Ok, this makes a bit more sense.  See below for my opinion of a good
way to tackle this problem.

> But with Mark Johnson's idea, I can chomp through my whole
> file-in-one-string bit-by-bit, something like:
> 
>   $head = '';
>   $tail = $s;
>   for my $i ( 0 .. $#nums ) {
>       $tail =~
>         s/(.*?$function.*?$metric.*?)($nums[$i]\s+$unit)(.*)/$3/;
>       $head .= "$1<span color="$cols[$i]">$2</span>";
>   }
>   $s = "$head$tail";
> 
> If there isn't already a name for this cool kind of trick, there should
> be: train cars? chewandswallow? sausage grinder? Any other ideas?

It's a very common pattern in functional and declarative languages
(lisp and prolog, if you want representative examples).

In Lisp, the pattern is to grab however many args off the front of the
list, and use the "&rest" specifier to put the remaining args into a
named list.  Then you do whatever you need to do with the head args,
and call yourself on the remainder:

| (defun process (head1 head2 head3 &rest tail)
|   (cond ((nilp tail) "")
|         (t (cons (munge head1 head2 head3)
|                  (process tail)))))

Prolog would do that somewhat like:

| process( [], [] ).
| process( [ Head1, Head2, Head3 | Tail ], [ MungedHead | MungedTail ] ) :-
|   munge( Head1, Head2, Head3, MungedHead ),
|  process( Tail, MungedTail ).

(I'm quite rusty on both languages, but hopefully you get the idea.)
Both of these languages (and this style of programming) go back at
least into the 70s; Lisp probably goes back into the 60s.  Or you
could use Mathematica, which combines the two...

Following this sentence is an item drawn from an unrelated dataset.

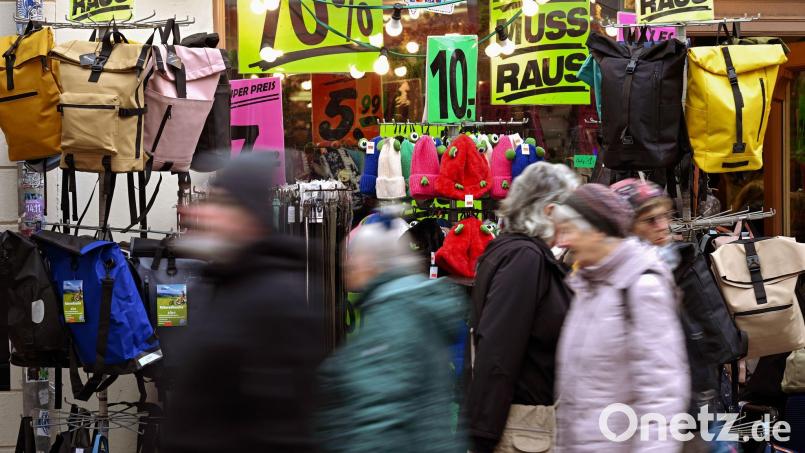 Die Stimmung der deutschen Verbraucher wird wegen des Krieges im Iran und seiner Folgen immer schlechter (Symbolbild). Bild: Soeren Stache/dpa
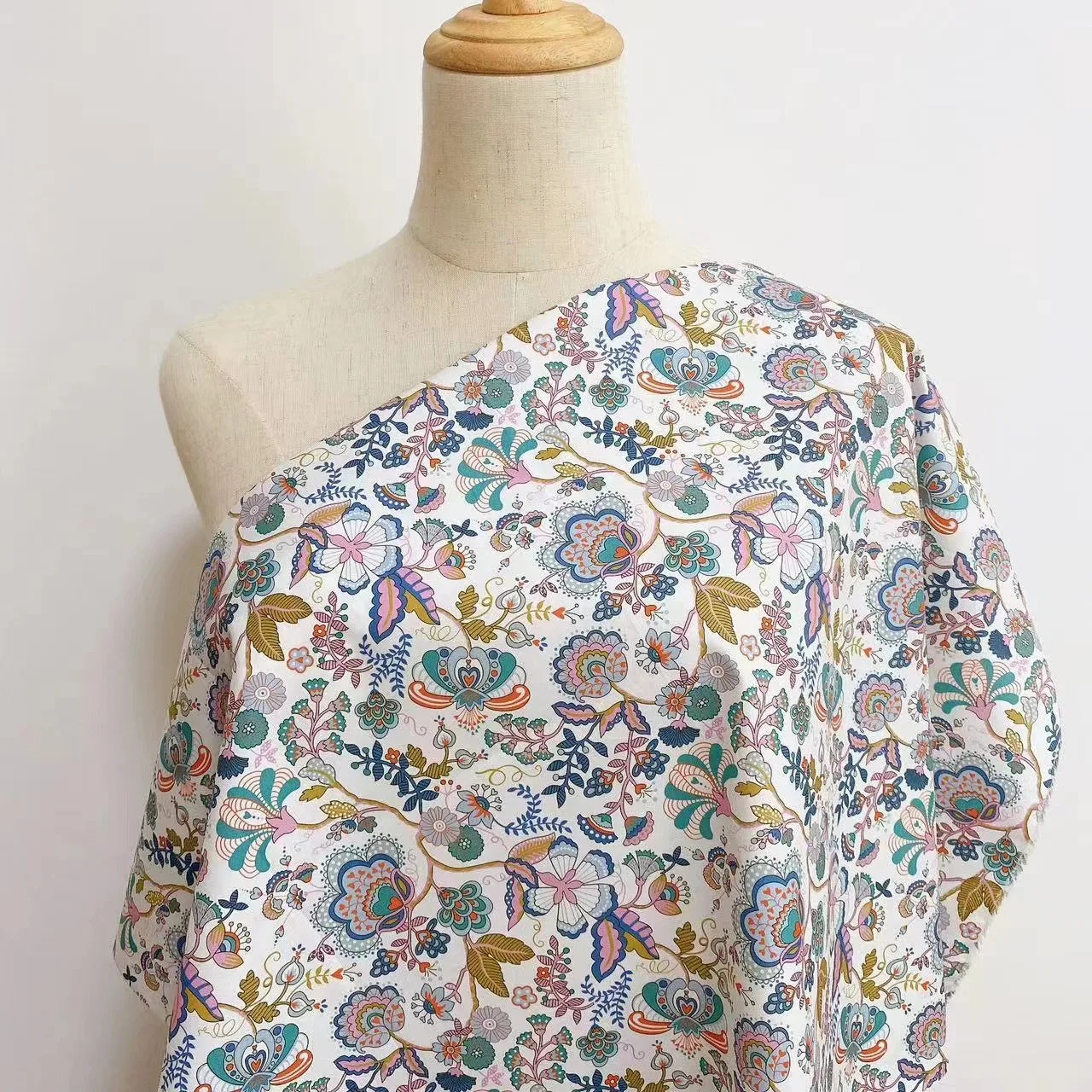 Liberty Pure Cotton Digital Injection Printing 50Sx 50S Poplin Printed Fabric For Kids Women Dress Halter Shirt Cheongsam Cloth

My first approach was to use text matching to build domain-level
entities, and then operate on those entities.  You don't have to go
full-bore OOP, but that's basically the end point of following this
line of thinking.  In this case, I'll just build up a hash for each
"function", probably with some nested hashes for each metric within
the function.  Then you can match those iteratively against your
criteria.  (And yes, I really would write comments like this.)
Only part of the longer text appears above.